Bu yazı önceki 8 yazının devamı olup onlarla birlikte okunURSA DAHA İYİ ANLAŞILIR
Kur’an Miladi 7. asrında nazil olmuştur. İlk 23 sene son Peygamber tarafından uygulama yapılmıştır. Bu dönemde Kur’an’ın ayetleri nazil oluyor ve sahabelerin çoğu ayetleri ezberliyorlardı. Kur’an’ın ayetlerini doğrudan anlayıp uygulama mümkün değildi.
Kur’an ancak içtihatla uygulanabilir. Çünkü Kur’an konuşma diliyle nazil olmuştur. Uygulama ise mantık diliyle mümkündür. Kur’an’ın nazil olduğu topluluk henüz mantık ilmini bilmiyordu. Dolayısıyla içtihat yapıp Kur’an’ı uygulaması mümkün değildi.

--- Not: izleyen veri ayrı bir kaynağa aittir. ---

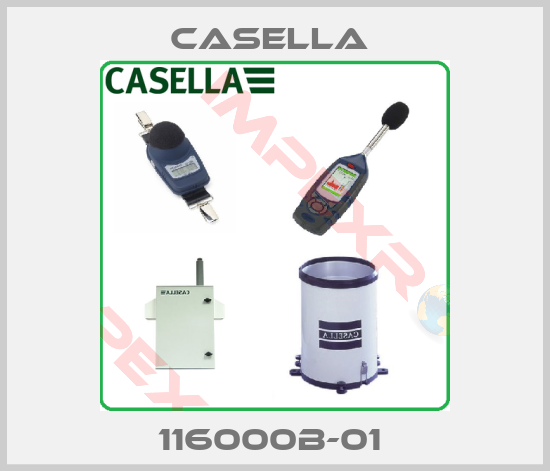 CASELLA -116000B-01 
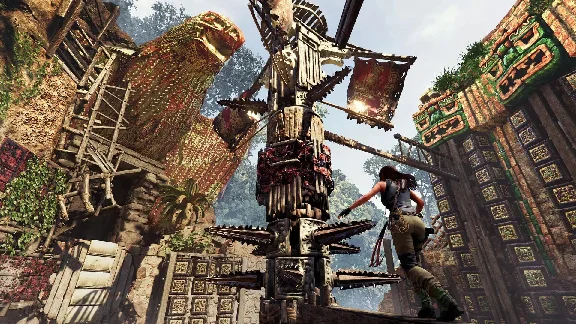 Shadow of the Tomb Raider: Definitive Edition KEY🔑
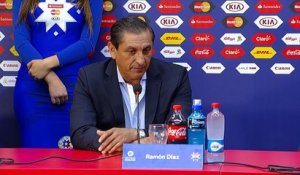 Copa America - Diaz : "Le changement tactique a payé"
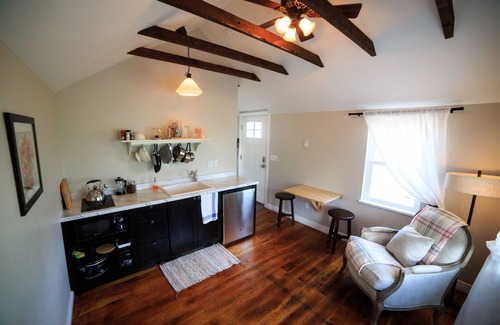 Hillside Cottage | Hillside Colorado Cottages near Westcliffe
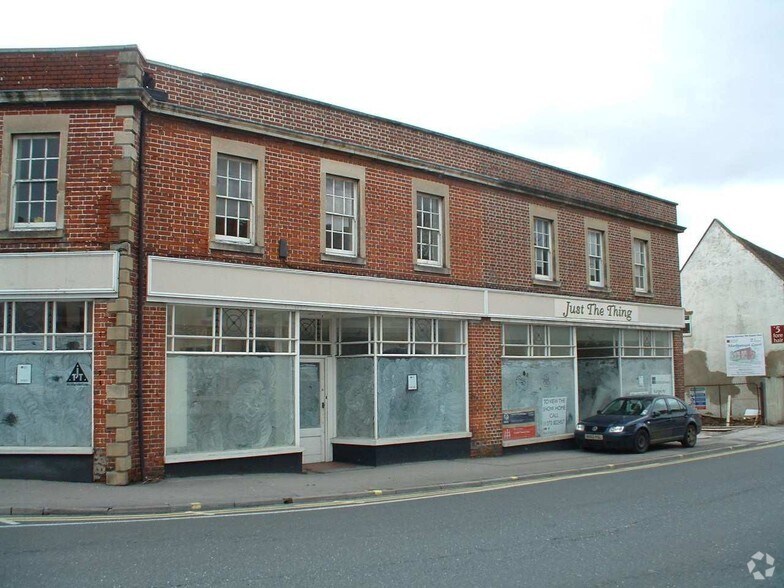 1-3 Fore St, Westbury à vendre - Photo de l’immeuble – Image 2 sur 14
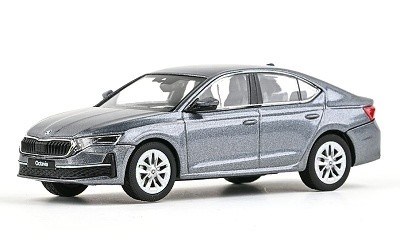ŠKODA OCTAVIA IV 2024 ŠEDÁ GRAPHITE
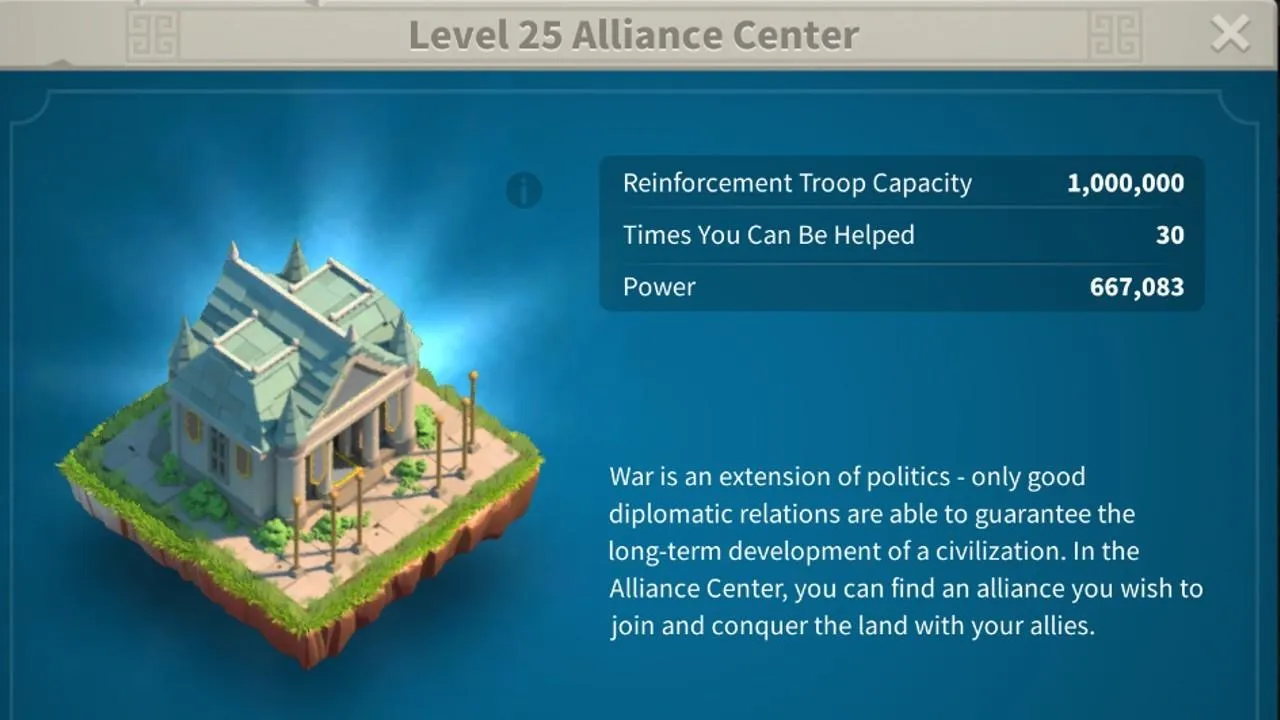  alliance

Cebrail Peygambere öğretiyordu, Peygamber de kendisi uyguluyor, arkadaşları Peygambere tabi olarak uygulamalar yapıyordu. Yapılan Kur’an ayetlerine aykırı değildi. Ama Kur’an ayetleriyle uygulama yapılamazdı. Zekât verin emri vardı ama ne kadar kime verilecek, ne verilecek; bunlar Kur’an okunduğu zaman anlaşılmıyordu. Peygamberin söylemesi veya göstermesi yoluyla İslam düzeni oluştu.

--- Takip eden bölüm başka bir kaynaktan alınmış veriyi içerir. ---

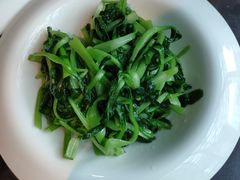 清炒鸡毛菜-蟹榭·本帮江浙菜·蟹宴(五角场合生汇商场店)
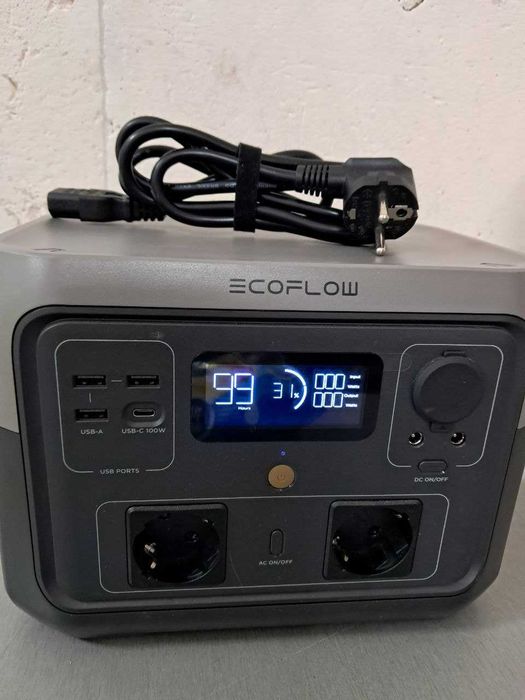 Зарядна станція EcoFlow RIVER 2 Max EFR610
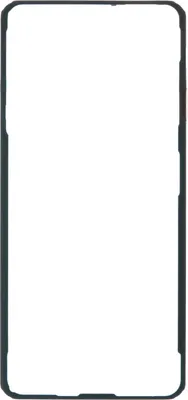 Produktbild von Kleber Gehäuse Rückseite Klebestreifen Klebeband Klebefolie für Huawei P30 Pro VOG-L29 Schwarz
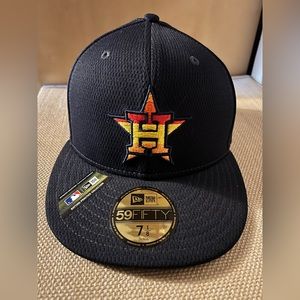 New Era Houston Astros baseball cap/hat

Peygamber öldükten sonra düzeni uygulamaya başladılar. Peygamberin uygulamasına göre uygulama yaptılar. Yeni olaylar ortaya çıktı. Artık Peygamber yoktu. Sorunları Sünnet ile çözemiyorlardı.

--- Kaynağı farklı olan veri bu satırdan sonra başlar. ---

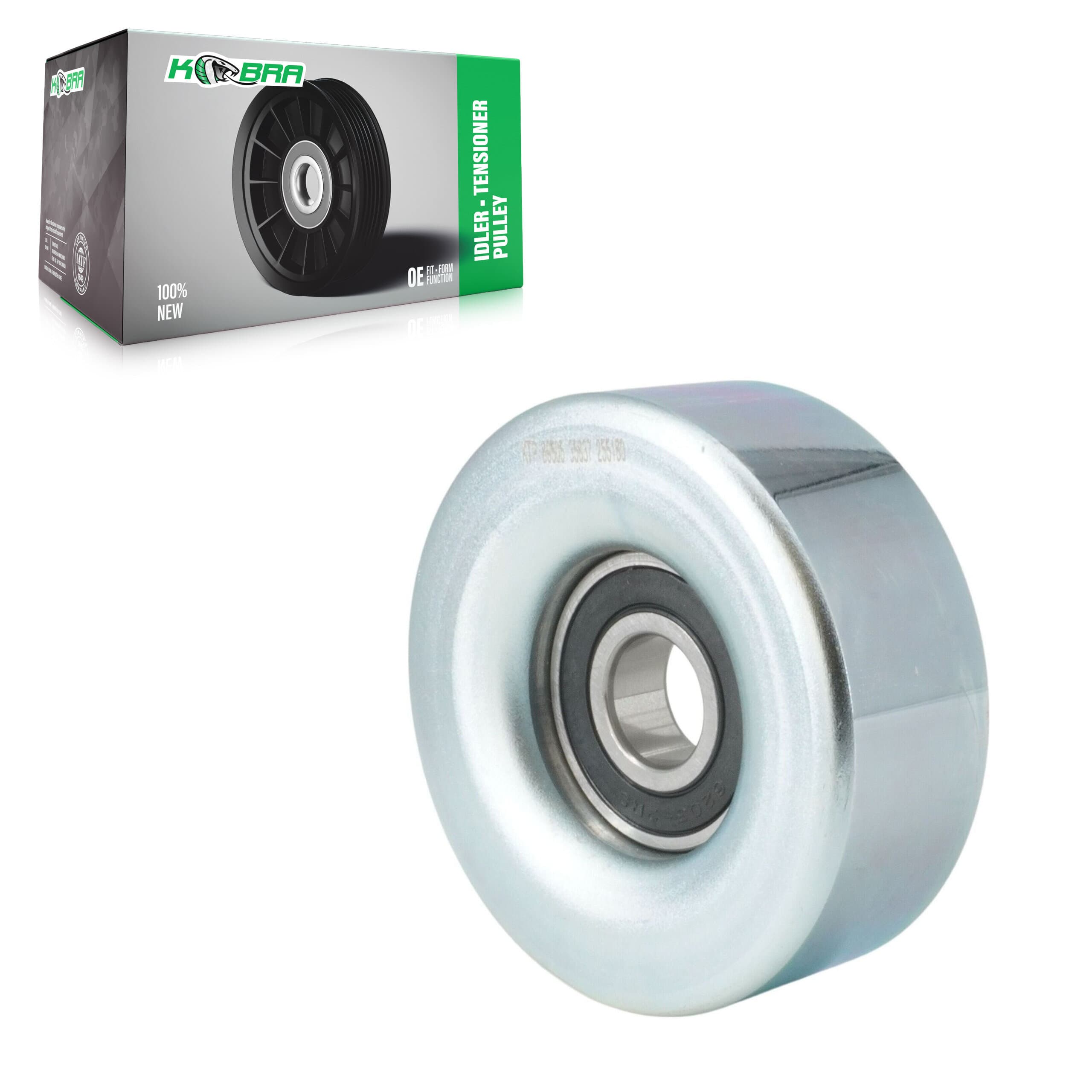 Kobra - KTP-89505 - Accessory Drive Belt Idler Pulley image 1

İşte o zaman Sünnetin öğretileri içinde Kur’an’ı yorumlamaya başladılar ve yeni sorunlar Kur’an’la çözülmeye başlandı. Hicri 1., 2., 3. ve 4. asırlarda çok büyük başarılar elde edildi. İslamiyet süper güç haline geldi. Hâkimiyet de Araplardan çıkıp Pers ve Türk hükümdarlarının eline geçmeye başladı. Arapçayı bilmeyen hükümdarlar ve âlimler içtihat yapamaz oldu. Türk hükümdarları içtihadı yasakladılar. Osmanlılar döneminde Türkiye’de Şeyhülislamlık icat edildi, artık onun fetvalarıyla Kur’an uygulaması yapılıyordu.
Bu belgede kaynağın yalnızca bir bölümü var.